> **ASSIGNMENT**:
Your output should be the entries below, exact in every detail.

-------- RECORDS PROVIDED --------

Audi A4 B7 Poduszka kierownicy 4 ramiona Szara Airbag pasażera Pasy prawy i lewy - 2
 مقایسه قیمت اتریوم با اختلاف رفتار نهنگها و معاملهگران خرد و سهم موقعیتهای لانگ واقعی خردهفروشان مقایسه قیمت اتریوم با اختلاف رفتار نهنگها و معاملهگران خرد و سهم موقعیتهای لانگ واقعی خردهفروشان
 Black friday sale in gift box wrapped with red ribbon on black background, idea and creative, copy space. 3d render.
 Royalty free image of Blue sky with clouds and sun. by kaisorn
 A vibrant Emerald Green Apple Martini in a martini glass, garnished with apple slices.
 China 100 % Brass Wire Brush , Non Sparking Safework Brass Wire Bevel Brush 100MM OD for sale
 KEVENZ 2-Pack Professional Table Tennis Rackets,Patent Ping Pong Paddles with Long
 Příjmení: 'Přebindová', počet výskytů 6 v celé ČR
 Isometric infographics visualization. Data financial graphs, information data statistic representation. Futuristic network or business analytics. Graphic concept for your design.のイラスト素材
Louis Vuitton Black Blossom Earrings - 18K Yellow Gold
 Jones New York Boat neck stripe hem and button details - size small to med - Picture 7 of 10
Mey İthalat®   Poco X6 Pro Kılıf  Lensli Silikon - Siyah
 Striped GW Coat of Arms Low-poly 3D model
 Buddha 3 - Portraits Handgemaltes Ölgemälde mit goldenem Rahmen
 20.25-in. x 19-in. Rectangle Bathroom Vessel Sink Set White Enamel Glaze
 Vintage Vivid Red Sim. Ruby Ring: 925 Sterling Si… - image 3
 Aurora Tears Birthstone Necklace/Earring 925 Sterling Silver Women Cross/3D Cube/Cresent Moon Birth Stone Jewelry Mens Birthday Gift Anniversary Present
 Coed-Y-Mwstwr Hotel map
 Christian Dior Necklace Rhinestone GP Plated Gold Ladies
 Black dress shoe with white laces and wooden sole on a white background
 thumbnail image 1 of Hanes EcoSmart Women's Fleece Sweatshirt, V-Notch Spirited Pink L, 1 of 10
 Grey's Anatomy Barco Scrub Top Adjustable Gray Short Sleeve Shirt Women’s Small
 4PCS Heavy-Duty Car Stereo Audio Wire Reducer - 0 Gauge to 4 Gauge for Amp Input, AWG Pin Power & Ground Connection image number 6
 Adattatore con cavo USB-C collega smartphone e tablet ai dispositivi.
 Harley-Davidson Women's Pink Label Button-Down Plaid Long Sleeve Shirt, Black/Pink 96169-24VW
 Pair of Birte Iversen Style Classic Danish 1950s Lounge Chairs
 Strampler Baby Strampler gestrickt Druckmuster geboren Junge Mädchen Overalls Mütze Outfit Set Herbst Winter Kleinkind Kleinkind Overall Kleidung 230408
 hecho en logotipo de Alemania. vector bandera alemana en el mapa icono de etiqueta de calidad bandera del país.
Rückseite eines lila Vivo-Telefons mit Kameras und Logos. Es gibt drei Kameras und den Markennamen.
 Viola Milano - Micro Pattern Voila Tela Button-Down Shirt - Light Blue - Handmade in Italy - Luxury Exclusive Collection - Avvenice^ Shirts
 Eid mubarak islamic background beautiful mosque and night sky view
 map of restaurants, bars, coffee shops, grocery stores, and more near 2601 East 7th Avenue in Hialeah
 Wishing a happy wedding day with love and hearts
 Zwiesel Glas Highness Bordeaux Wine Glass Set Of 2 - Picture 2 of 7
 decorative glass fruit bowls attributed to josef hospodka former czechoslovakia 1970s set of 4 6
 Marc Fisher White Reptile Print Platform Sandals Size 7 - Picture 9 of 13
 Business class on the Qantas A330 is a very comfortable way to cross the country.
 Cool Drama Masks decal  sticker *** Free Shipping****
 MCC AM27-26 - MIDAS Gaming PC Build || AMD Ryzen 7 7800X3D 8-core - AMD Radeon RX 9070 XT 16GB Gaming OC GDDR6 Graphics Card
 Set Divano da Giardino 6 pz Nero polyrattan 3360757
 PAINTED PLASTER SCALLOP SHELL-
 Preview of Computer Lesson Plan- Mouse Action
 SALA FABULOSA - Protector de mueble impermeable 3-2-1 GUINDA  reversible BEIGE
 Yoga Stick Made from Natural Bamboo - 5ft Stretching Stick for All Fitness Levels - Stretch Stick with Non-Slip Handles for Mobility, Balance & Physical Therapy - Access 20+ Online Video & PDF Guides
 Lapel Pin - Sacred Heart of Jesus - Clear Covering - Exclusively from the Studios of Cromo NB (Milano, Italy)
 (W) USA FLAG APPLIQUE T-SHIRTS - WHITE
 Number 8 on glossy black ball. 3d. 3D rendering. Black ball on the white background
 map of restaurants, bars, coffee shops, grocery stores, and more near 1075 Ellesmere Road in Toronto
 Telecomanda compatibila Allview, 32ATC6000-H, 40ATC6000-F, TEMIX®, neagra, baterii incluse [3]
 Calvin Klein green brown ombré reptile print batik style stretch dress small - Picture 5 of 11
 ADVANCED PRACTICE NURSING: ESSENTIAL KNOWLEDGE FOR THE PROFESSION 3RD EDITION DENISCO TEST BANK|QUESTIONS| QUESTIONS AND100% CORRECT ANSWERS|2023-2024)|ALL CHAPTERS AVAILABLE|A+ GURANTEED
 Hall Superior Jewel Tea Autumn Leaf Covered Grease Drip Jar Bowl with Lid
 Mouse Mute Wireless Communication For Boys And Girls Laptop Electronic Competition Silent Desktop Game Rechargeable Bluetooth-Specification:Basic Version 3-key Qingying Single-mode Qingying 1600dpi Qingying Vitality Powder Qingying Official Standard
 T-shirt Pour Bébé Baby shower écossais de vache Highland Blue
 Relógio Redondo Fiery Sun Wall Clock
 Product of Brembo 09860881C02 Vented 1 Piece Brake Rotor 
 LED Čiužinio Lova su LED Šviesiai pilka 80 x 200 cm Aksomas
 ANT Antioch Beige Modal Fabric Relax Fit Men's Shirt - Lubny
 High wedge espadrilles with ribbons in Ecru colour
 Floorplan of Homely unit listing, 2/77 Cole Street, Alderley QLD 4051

--------

> **RESULT FOR THIS TASK**:
Audi A4 B7 Poduszka kierownicy 4 ramiona Szara Airbag pasażera Pasy prawy i lewy - 2
 مقایسه قیمت اتریوم با اختلاف رفتار نهنگها و معاملهگران خرد و سهم موقعیتهای لانگ واقعی خردهفروشان مقایسه قیمت اتریوم با اختلاف رفتار نهنگها و معاملهگران خرد و سهم موقعیتهای لانگ واقعی خردهفروشان
 Black friday sale in gift box wrapped with red ribbon on black background, idea and creative, copy space. 3d render.
 Royalty free image of Blue sky with clouds and sun. by kaisorn
 A vibrant Emerald Green Apple Martini in a martini glass, garnished with apple slices.
 China 100 % Brass Wire Brush , Non Sparking Safework Brass Wire Bevel Brush 100MM OD for sale
 KEVENZ 2-Pack Professional Table Tennis Rackets,Patent Ping Pong Paddles with Long
 Příjmení: 'Přebindová', počet výskytů 6 v celé ČR
 Isometric infographics visualization. Data financial graphs, information data statistic representation. Futuristic network or business analytics. Graphic concept for your design.のイラスト素材
Louis Vuitton Black Blossom Earrings - 18K Yellow Gold
 Jones New York Boat neck stripe hem and button details - size small to med - Picture 7 of 10
Mey İthalat®   Poco X6 Pro Kılıf  Lensli Silikon - Siyah
 Striped GW Coat of Arms Low-poly 3D model
 Buddha 3 - Portraits Handgemaltes Ölgemälde mit goldenem Rahmen
 20.25-in. x 19-in. Rectangle Bathroom Vessel Sink Set White Enamel Glaze
 Vintage Vivid Red Sim. Ruby Ring: 925 Sterling Si… - image 3
 Aurora Tears Birthstone Necklace/Earring 925 Sterling Silver Women Cross/3D Cube/Cresent Moon Birth Stone Jewelry Mens Birthday Gift Anniversary Present
 Coed-Y-Mwstwr Hotel map
 Christian Dior Necklace Rhinestone GP Plated Gold Ladies
 Black dress shoe with white laces and wooden sole on a white background
 thumbnail image 1 of Hanes EcoSmart Women's Fleece Sweatshirt, V-Notch Spirited Pink L, 1 of 10
 Grey's Anatomy Barco Scrub Top Adjustable Gray Short Sleeve Shirt Women’s Small
 4PCS Heavy-Duty Car Stereo Audio Wire Reducer - 0 Gauge to 4 Gauge for Amp Input, AWG Pin Power & Ground Connection image number 6
 Adattatore con cavo USB-C collega smartphone e tablet ai dispositivi.
 Harley-Davidson Women's Pink Label Button-Down Plaid Long Sleeve Shirt, Black/Pink 96169-24VW
 Pair of Birte Iversen Style Classic Danish 1950s Lounge Chairs
 Strampler Baby Strampler gestrickt Druckmuster geboren Junge Mädchen Overalls Mütze Outfit Set Herbst Winter Kleinkind Kleinkind Overall Kleidung 230408
 hecho en logotipo de Alemania. vector bandera alemana en el mapa icono de etiqueta de calidad bandera del país.
Rückseite eines lila Vivo-Telefons mit Kameras und Logos. Es gibt drei Kameras und den Markennamen.
 Viola Milano - Micro Pattern Voila Tela Button-Down Shirt - Light Blue - Handmade in Italy - Luxury Exclusive Collection - Avvenice^ Shirts
 Eid mubarak islamic background beautiful mosque and night sky view
 map of restaurants, bars, coffee shops, grocery stores, and more near 2601 East 7th Avenue in Hialeah
 Wishing a happy wedding day with love and hearts
 Zwiesel Glas Highness Bordeaux Wine Glass Set Of 2 - Picture 2 of 7
 decorative glass fruit bowls attributed to josef hospodka former czechoslovakia 1970s set of 4 6
 Marc Fisher White Reptile Print Platform Sandals Size 7 - Picture 9 of 13
 Business class on the Qantas A330 is a very comfortable way to cross the country.
 Cool Drama Masks decal  sticker *** Free Shipping****
 MCC AM27-26 - MIDAS Gaming PC Build || AMD Ryzen 7 7800X3D 8-core - AMD Radeon RX 9070 XT 16GB Gaming OC GDDR6 Graphics Card
 Set Divano da Giardino 6 pz Nero polyrattan 3360757
 PAINTED PLASTER SCALLOP SHELL-
 Preview of Computer Lesson Plan- Mouse Action
 SALA FABULOSA - Protector de mueble impermeable 3-2-1 GUINDA  reversible BEIGE
 Yoga Stick Made from Natural Bamboo - 5ft Stretching Stick for All Fitness Levels - Stretch Stick with Non-Slip Handles for Mobility, Balance & Physical Therapy - Access 20+ Online Video & PDF Guides
 Lapel Pin - Sacred Heart of Jesus - Clear Covering - Exclusively from the Studios of Cromo NB (Milano, Italy)
 (W) USA FLAG APPLIQUE T-SHIRTS - WHITE
 Number 8 on glossy black ball. 3d. 3D rendering. Black ball on the white background
 map of restaurants, bars, coffee shops, grocery stores, and more near 1075 Ellesmere Road in Toronto
 Telecomanda compatibila Allview, 32ATC6000-H, 40ATC6000-F, TEMIX®, neagra, baterii incluse [3]
 Calvin Klein green brown ombré reptile print batik style stretch dress small - Picture 5 of 11
 ADVANCED PRACTICE NURSING: ESSENTIAL KNOWLEDGE FOR THE PROFESSION 3RD EDITION DENISCO TEST BANK|QUESTIONS| QUESTIONS AND100% CORRECT ANSWERS|2023-2024)|ALL CHAPTERS AVAILABLE|A+ GURANTEED
 Hall Superior Jewel Tea Autumn Leaf Covered Grease Drip Jar Bowl with Lid
 Mouse Mute Wireless Communication For Boys And Girls Laptop Electronic Competition Silent Desktop Game Rechargeable Bluetooth-Specification:Basic Version 3-key Qingying Single-mode Qingying 1600dpi Qingying Vitality Powder Qingying Official Standard
 T-shirt Pour Bébé Baby shower écossais de vache Highland Blue
 Relógio Redondo Fiery Sun Wall Clock
 Product of Brembo 09860881C02 Vented 1 Piece Brake Rotor 
 LED Čiužinio Lova su LED Šviesiai pilka 80 x 200 cm Aksomas
 ANT Antioch Beige Modal Fabric Relax Fit Men's Shirt - Lubny
 High wedge espadrilles with ribbons in Ecru colour
 Floorplan of Homely unit listing, 2/77 Cole Street, Alderley QLD 4051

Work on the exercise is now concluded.